If you can access the MCP Inspector but not connect with other clients:

1. **Check CORS settings**:
   - If using a web client from a different origin, CORS might be blocking requests

2. **Verify network access**:
   - Ensure port 8765 is accessible from the client

3. **Check for authentication requirements**:
   - If authentication is enabled, ensure clients are including the required credentials

4. **Inspect request format**:
   - MCP expects specific endpoint formats and JSON structures

5. **Use the debug server mode**:
   ```bash
   MCP_DEBUG=1 python run_server.py --mode mcp
   ```

## Integration in Tool Launchers or Service Definitions

To integrate the MCP server into external tools (e.g., Claude Desktop, VSCode Dev Containers, custom tool runners), use the following configuration:

```json
"solr-search": {
  "command": "/home/mjochum/miniconda3/bin/uv",
  "args": [
    "run",
    "--project",
    "/home/mjochum/projekte/mcp-solr-search",
    "--with",
    "mcp[cli]>=1.21.0",
    "mcp",
    "run",
    "/home/mjochum/projekte/mcp-solr-search/src/server/mcp_server.py"
  ]
}
```

**Important:**
- Use **absolute paths** for both the `uv` command and the server file
- Adjust paths to your system (`/home/mjochum/...` → your home directory)
- The `--project` argument ensures the correct dependencies are loaded
- The command ensures all dependencies (including MCP 1.21.0) are available in the context

## Development

### Running Tests

```bash
# Run all tests (unit and integration)
pytest

# Run only unit tests
pytest tests/test_server.py

# Run only integration tests (requires running Solr)
pytest tests/test_integration_server.py -m integration

# Run with coverage
pytest --cov=src
```

Integration tests will automatically skip if the Solr server is not available, so they're safe to run even without a running Docker environment.

### Project Structure

```
/src
  server.py         # Main MCP server implementation
/tests
  test_server.py    # Unit tests with mocked Solr responses
  test_integration_server.py # Integration tests with real Solr
/docker
  /solr
    load_sample_data.py  # Script to load sample documents
    /configsets
      /documents
        /conf
          schema.xml     # Solr schema definition
          solrconfig.xml # Solr configuration
          stopwords.txt  # Stopwords for text analysis
docker-compose.yml   # Docker Compose configuration for Solr
start_solr.sh        # Script to start Solr and load data
.env.example         # Environment variables template
pyproject.toml       # Project configuration
PLANNING.md          # Project planning document
TASK.md              # Project tasks and progress tracking
CHANGELOG.md         # Documentation of project changes
README.md            # This file
```

## Versioning

This project follows [Semantic Versioning](https://semver.org/).

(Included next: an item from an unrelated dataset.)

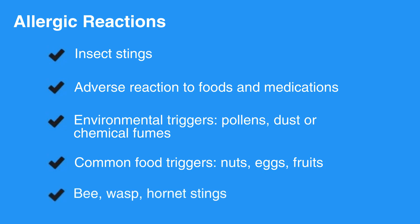Also, bee, wasp, or hornet stings can produce rapid and potentially fatal reactions.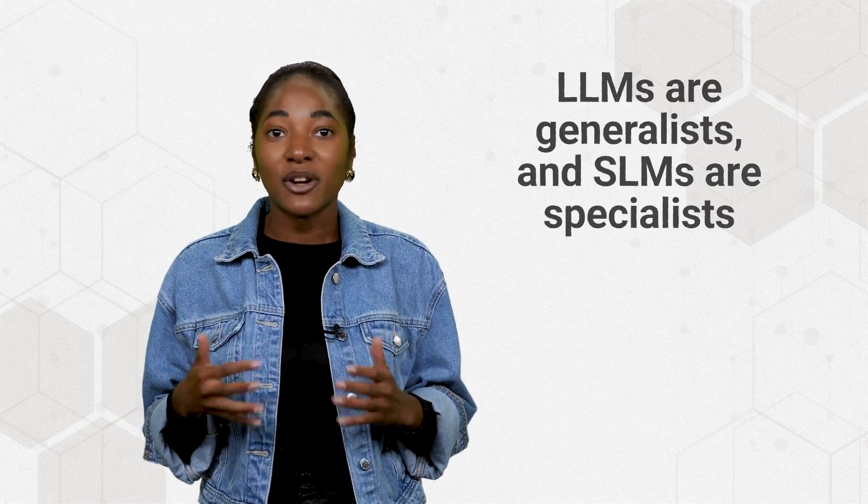As the name suggests, SLMs are trained on a smaller set of data compared to LLMs and can be used to carry out simpler, more specific tasks. In a nutshell, LLMs are generalists and SLMs are specialists.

For the versions available, see the [CHANGELOG.md](CHANGELOG.md) file for details on what has changed in each version.

## Related Resources

- [MCP Python SDK Documentation](https://github.com/modelcontextprotocol/python-sdk)
- [Apache Solr Documentation](https://solr.apache.org/guide/)
- [Claude Desktop](https://claude.ai/desktop) - For direct integration with the MCP server

## Contributing

1. Fork the repository
2. Create a feature branch: `git checkout -b feature-name`
3. Commit your changes: `git commit -am 'Add some feature'`
4. Push to the branch: `git push origin feature-name`
5. Submit a pull request

## License

This project is licensed under the MIT License.